# What to produce
Repeat the data in full. No line may differ from the original.

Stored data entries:
________

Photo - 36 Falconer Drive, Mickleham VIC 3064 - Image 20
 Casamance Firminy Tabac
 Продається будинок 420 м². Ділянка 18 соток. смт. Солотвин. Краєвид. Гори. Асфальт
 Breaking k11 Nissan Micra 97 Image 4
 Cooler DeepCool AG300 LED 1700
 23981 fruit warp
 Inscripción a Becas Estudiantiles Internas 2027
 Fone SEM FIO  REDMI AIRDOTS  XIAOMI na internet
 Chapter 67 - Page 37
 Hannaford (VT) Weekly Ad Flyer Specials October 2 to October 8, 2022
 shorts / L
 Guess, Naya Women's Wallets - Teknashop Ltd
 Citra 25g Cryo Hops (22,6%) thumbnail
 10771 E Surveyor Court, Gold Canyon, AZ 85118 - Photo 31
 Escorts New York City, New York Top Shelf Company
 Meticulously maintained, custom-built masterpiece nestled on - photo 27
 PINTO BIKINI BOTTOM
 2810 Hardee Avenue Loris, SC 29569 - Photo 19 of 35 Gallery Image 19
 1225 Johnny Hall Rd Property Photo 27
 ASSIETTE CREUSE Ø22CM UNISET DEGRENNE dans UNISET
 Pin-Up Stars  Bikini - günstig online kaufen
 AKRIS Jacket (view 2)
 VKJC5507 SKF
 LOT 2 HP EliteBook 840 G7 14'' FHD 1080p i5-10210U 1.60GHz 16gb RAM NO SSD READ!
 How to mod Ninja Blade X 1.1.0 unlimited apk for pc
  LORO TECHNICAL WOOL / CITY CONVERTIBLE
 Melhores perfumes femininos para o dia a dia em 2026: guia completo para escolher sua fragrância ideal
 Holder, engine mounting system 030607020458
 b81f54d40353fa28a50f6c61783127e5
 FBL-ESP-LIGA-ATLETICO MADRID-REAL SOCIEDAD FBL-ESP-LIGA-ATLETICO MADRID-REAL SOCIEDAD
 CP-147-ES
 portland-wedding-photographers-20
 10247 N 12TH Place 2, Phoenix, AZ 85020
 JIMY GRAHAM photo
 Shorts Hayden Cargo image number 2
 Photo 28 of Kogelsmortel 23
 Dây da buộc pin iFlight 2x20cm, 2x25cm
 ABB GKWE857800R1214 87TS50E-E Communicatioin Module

________

# Output
Photo - 36 Falconer Drive, Mickleham VIC 3064 - Image 20
 Casamance Firminy Tabac
 Продається будинок 420 м². Ділянка 18 соток. смт. Солотвин. Краєвид. Гори. Асфальт
 Breaking k11 Nissan Micra 97 Image 4
 Cooler DeepCool AG300 LED 1700
 23981 fruit warp
 Inscripción a Becas Estudiantiles Internas 2027
 Fone SEM FIO  REDMI AIRDOTS  XIAOMI na internet
 Chapter 67 - Page 37
 Hannaford (VT) Weekly Ad Flyer Specials October 2 to October 8, 2022
 shorts / L
 Guess, Naya Women's Wallets - Teknashop Ltd
 Citra 25g Cryo Hops (22,6%) thumbnail
 10771 E Surveyor Court, Gold Canyon, AZ 85118 - Photo 31
 Escorts New York City, New York Top Shelf Company
 Meticulously maintained, custom-built masterpiece nestled on - photo 27
 PINTO BIKINI BOTTOM
 2810 Hardee Avenue Loris, SC 29569 - Photo 19 of 35 Gallery Image 19
 1225 Johnny Hall Rd Property Photo 27
 ASSIETTE CREUSE Ø22CM UNISET DEGRENNE dans UNISET
 Pin-Up Stars  Bikini - günstig online kaufen
 AKRIS Jacket (view 2)
 VKJC5507 SKF
 LOT 2 HP EliteBook 840 G7 14'' FHD 1080p i5-10210U 1.60GHz 16gb RAM NO SSD READ!
 How to mod Ninja Blade X 1.1.0 unlimited apk for pc
  LORO TECHNICAL WOOL / CITY CONVERTIBLE
 Melhores perfumes femininos para o dia a dia em 2026: guia completo para escolher sua fragrância ideal
 Holder, engine mounting system 030607020458
 b81f54d40353fa28a50f6c61783127e5
 FBL-ESP-LIGA-ATLETICO MADRID-REAL SOCIEDAD FBL-ESP-LIGA-ATLETICO MADRID-REAL SOCIEDAD
 CP-147-ES
 portland-wedding-photographers-20
 10247 N 12TH Place 2, Phoenix, AZ 85020
 JIMY GRAHAM photo
 Shorts Hayden Cargo image number 2
 Photo 28 of Kogelsmortel 23
 Dây da buộc pin iFlight 2x20cm, 2x25cm
 ABB GKWE857800R1214 87TS50E-E Communicatioin Module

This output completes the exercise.